Когда декабристы возвратились из Сибири на родину, Поджио не отъехал от фактически сложившейся семьи и стал именоваться «управляющим имением».
Годы шли, наступило начало XX века. Потомок Волконской уехал в эмиграцию, в Италию. Там он вернул себе фамилию своих истинных предков. Его похоронили в семейной усыпальнице итальянской ветви рода Поджио.
Эти уточнения не умаляют подвига Волконской, а также и Трубецкой. Они отправились в каторжную Сибирь, повинуясь не супружескому долгу, а во имя верности любви.
Повторяю: Модзалевский-старший по части генеалогии знал всё. Модзалевский-младший тоже знал немало. Проницательный С. Гессен мог к нему обратиться за какой-нибудь справкой. Но если не представляла реальной угрозы для существования государства Десятая глава «Онегина», то разве рухнуло бы оно из-за чьей-то карточки в картотеке Модзалевского?

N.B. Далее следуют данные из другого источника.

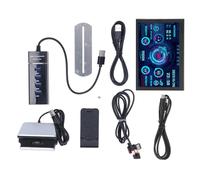 Lybunair 5 Inch IPS Full View Angle Computer Sub Screen, PC Case Data Album Video Monitoring Secondary Display Screen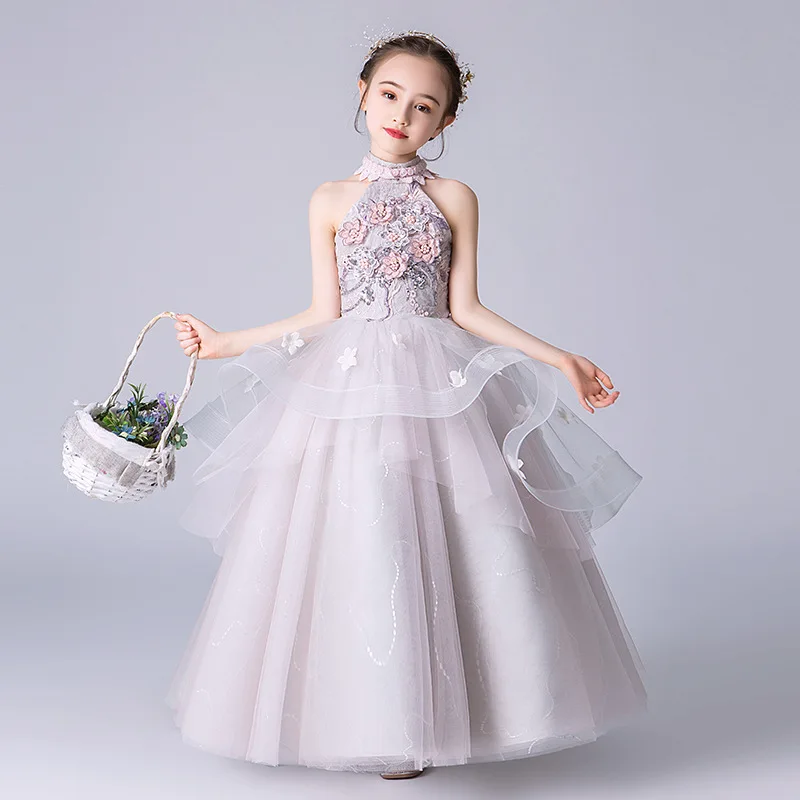 Платье с цветочным узором для девочек коллекция 2019 года платья первого причастия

Собственное имение братьев Поджио называлось Грамоклея. Довольно длинная речка того же названия начинается от южной оконечности Полтавской губернии и течет на юго-запад, по Елизаветинскому уезду Херсонской губернии. Несколько имений, деревень, колоний носили одно и то же название Грамоклея.
Те, кто читал все о Пушкине, скажут: «Знакомое слово. Где-то встречалось. Не в записках ли Россет-Смирновой?»
Так оно и есть. Иголочка памяти пушкинистов работает профессионально. Подвернется слово «Грамоклея». За ним тут же тянется мнемоническая цепочка: «Поджио – Волконская – Пушкин».
И еще раз – Грамоклея. И другая цепочка: «Александра Россет-Смирнова – Пушкин».
У каждого пушкиниста в сознании или где-то поглубже, в подсознании, множество подобных цепочек, работающих рефлекторно, на высоких скоростях.
Воспользуемся девизом Монтеня – «Que sais-je?» – «Что знаю я?» И вернемся к эффектной фразе «гонялись, как за мухой».
Каков ее юридический вес? Ноль целых, ноль десятых.
С не меньшим основанием можно было сказать, что пешеход упорно стремился под колеса.
Если рассуждать непредвзято, вот что могло произойти. Стараясь избежать наезда, шофер повернул было в сторону. Но одновременно в ту же сторону метнулся пешеход. Мгновение – и снова одновременно пешеход и водитель бросились в другую сторону. Так произошло гибельное столкновение.
Ни к какому периоду не следует навешивать напраслин, вроде тех, которыми изобилует сочинение С. Мельгунова «Красный террор в России», некритически освоенное А. Солженицыным.
Так что же мы узнали? Как нередко приговаривал Пушкин, «ничего, иль очень мало».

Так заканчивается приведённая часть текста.